Module *M = I.getModule();
I.dump();
APInt ap_offset(32, 0, false);
std::cout << "ap_offset: " << ap_offset.getSExtValue() << “\n”;
std::cout << "Accumulated offset: " << I.accumulateConstantOffset(M->getDataLayout(), ap_offset) << “\n”;
std::cout << "ap_offset: " << ap_offset.getSExtValue() << “\n”;

The output is something like:
%3 = getelementptr inbounds %struct.Point, %struct.Point* %2, i32 0, i32 0
ap_offset: 0
Accumulated offset: 1
ap_offset: 0
%4 = getelementptr inbounds %struct.Point, %struct.Point* %2, i32 0, i32 1
ap_offset: 0
Accumulated offset: 1
ap_offset: 4
%5 = getelementptr inbounds %struct.Point, %struct.Point* %2, i32 0, i32 2
ap_offset: 0
Accumulated offset: 1
ap_offset: 8
%3 = getelementptr inbounds %struct.Point, %struct.Point* %2, i32 0, i32 0
ap_offset: 0
Accumulated offset: 1
ap_offset: 0
%4 = getelementptr inbounds %struct.Point, %struct.Point* %2, i32 0, i32 1
ap_offset: 0
Accumulated offset: 1
ap_offset: 4
%5 = getelementptr inbounds %struct.Point, %struct.Point* %2, i32 0, i32 2
ap_offset: 0
Accumulated offset: 1
ap_offset: 8
%3 = getelementptr inbounds %struct.Point, %struct.Point* %2, i32 0, i32 0
ap_offset: 0
Accumulated offset: 1
ap_offset: 0
%4 = getelementptr inbounds %struct.Point, %struct.Point* %2, i32 0, i32 1
ap_offset: 0
Accumulated offset: 1
ap_offset: 4
%5 = getelementptr inbounds %struct.Point, %struct.Point* %2, i32 0, i32 2
ap_offset: 0
Accumulated offset: 1
ap_offset: 8

I think the output is almost correct because the offset is increased by 4 each time… but the struct has char and long elements so the offset does not always look right. I think it due to the fact that the GEP is referring only to i32.

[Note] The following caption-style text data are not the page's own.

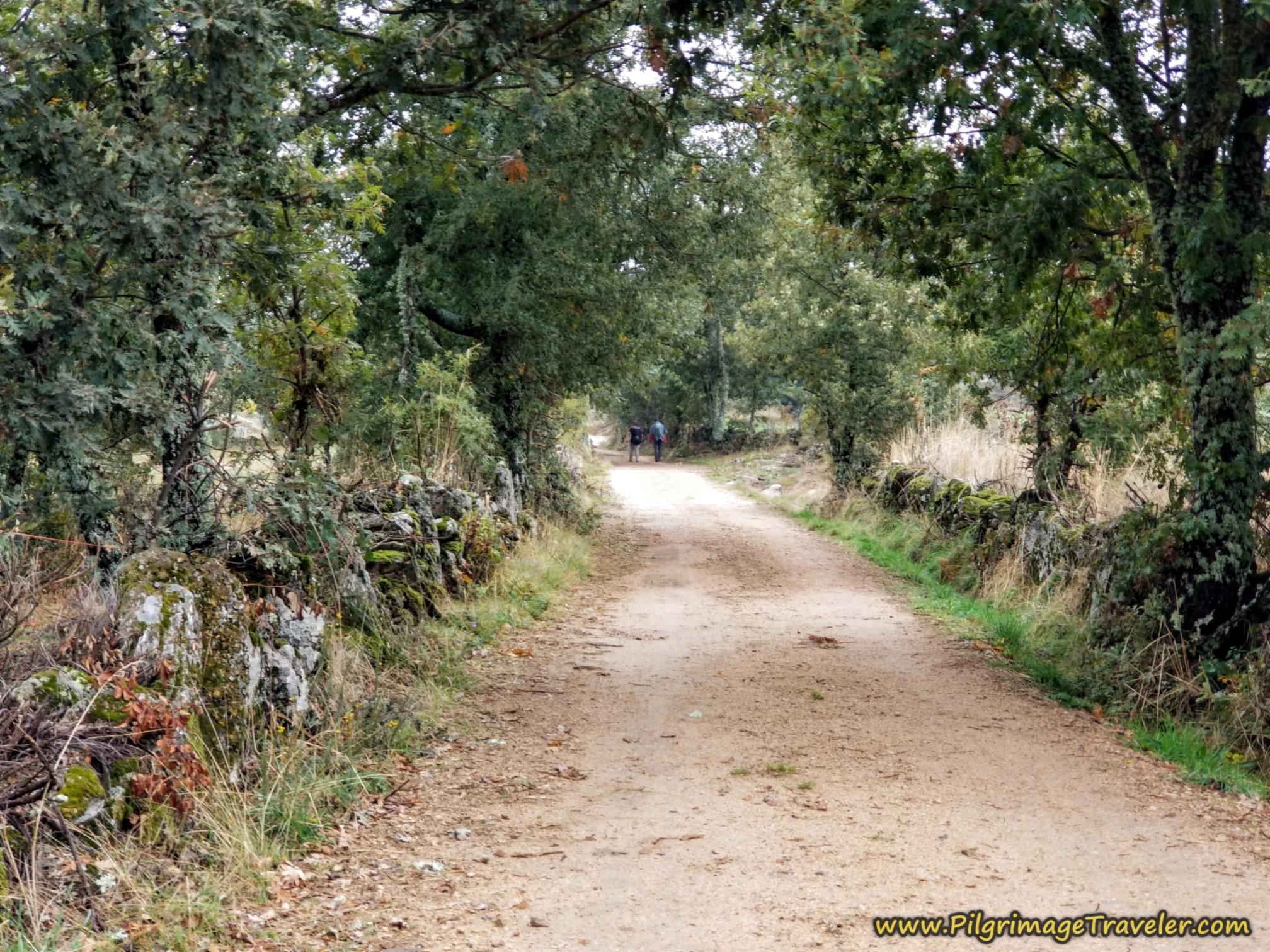 Through Forest and Field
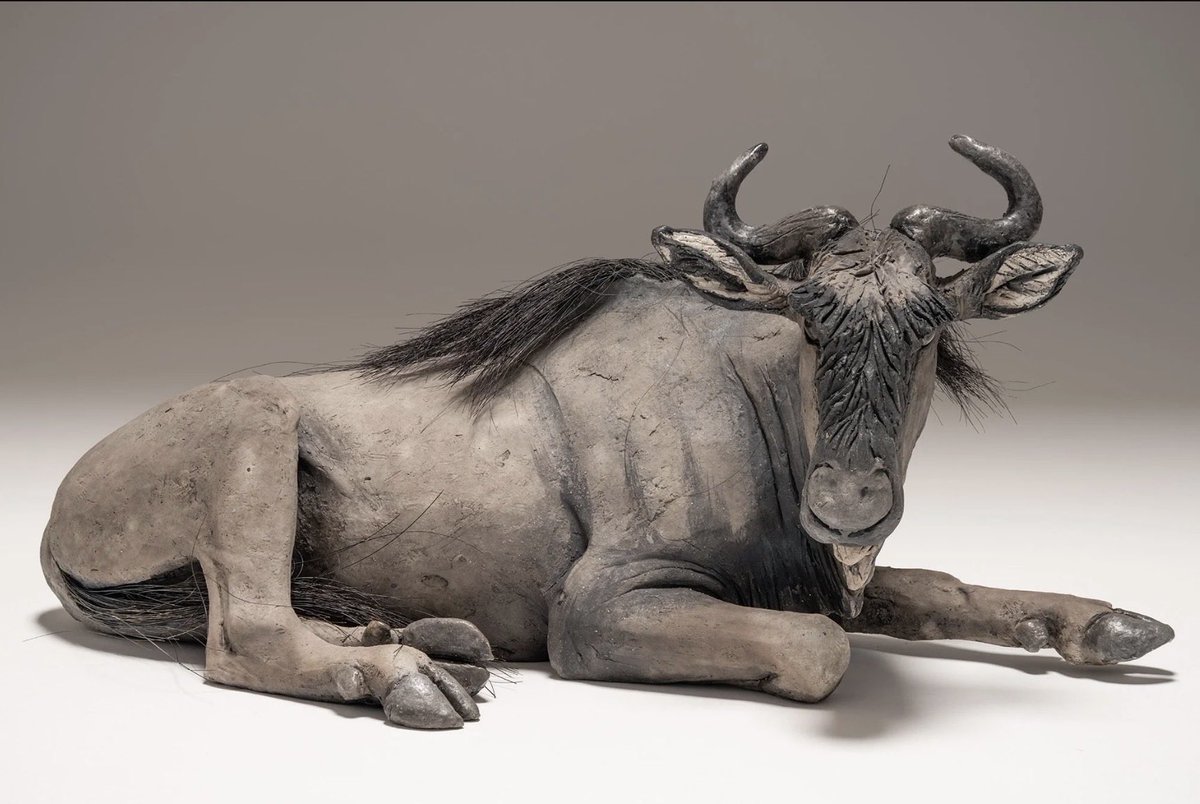 NickMackman's tweet photo. Wildebeest sculpture now available direct from my studio. Inspired by sightings in Tanzania: https://t.co/mYVpdjIuMx #safari #wildebeest https://t.co/M2iEKfRGl0
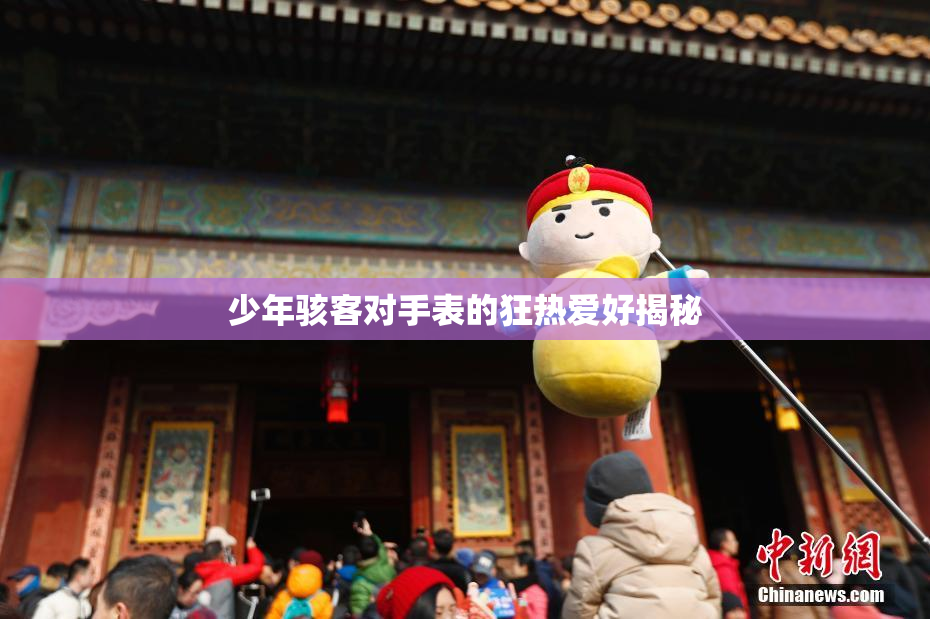 少年骇客对手表的狂热爱好揭秘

How should I fix this situation? Few lines of code would be very helpful

Thanks
Alberto

Hello,
I did some more digging and I think that those numbers where indeed correct:

➜ /tmp cat struct.c
#include<stdio.h>

struct Point
{
int x;
char y;
char z;
long w;
};

int main()
{
struct Point p1;

// Accessing members of point p1
p1.x = 1;
p1.y = 2;
p1.z = 3;
p1.w = 4;

printf("p1: 0x%x\n", &p1);
printf("p1.x: 0x%x\n", &p1.x);
printf("p1.y: 0x%x\n", &p1.y);
printf("p1.z: 0x%x\n", &p1.z);
printf("p1.w: 0x%x\n", &p1.w);
return 0;
}
➜ /tmp

➜ /tmp ./struct
p1: 0x9791b30
p1.x: 0x9791b30
p1.y: 0x9791b34
p1.z: 0x9791b35
p1.w: 0x9791b38
➜ /tmp


%3 = getelementptr inbounds %struct.Point, %struct.Point* %2, i32 0, i32 0
ap_offset: 0
Accumulated offset: 1
ap_offset: 0
%4 = getelementptr inbounds %struct.Point, %struct.Point* %2, i32 0, i32 1
ap_offset: 0
Accumulated offset: 1
ap_offset: 4
%5 = getelementptr inbounds %struct.Point, %struct.Point* %2, i32 0, i32 2
ap_offset: 0
Accumulated offset: 1
ap_offset: 5
%6 = getelementptr inbounds %struct.Point, %struct.Point* %2, i32 0, i32 3
ap_offset: 0
Accumulated offset: 1
ap_offset: 8


Let me know if I'm missing anything.

Thanks
Alberto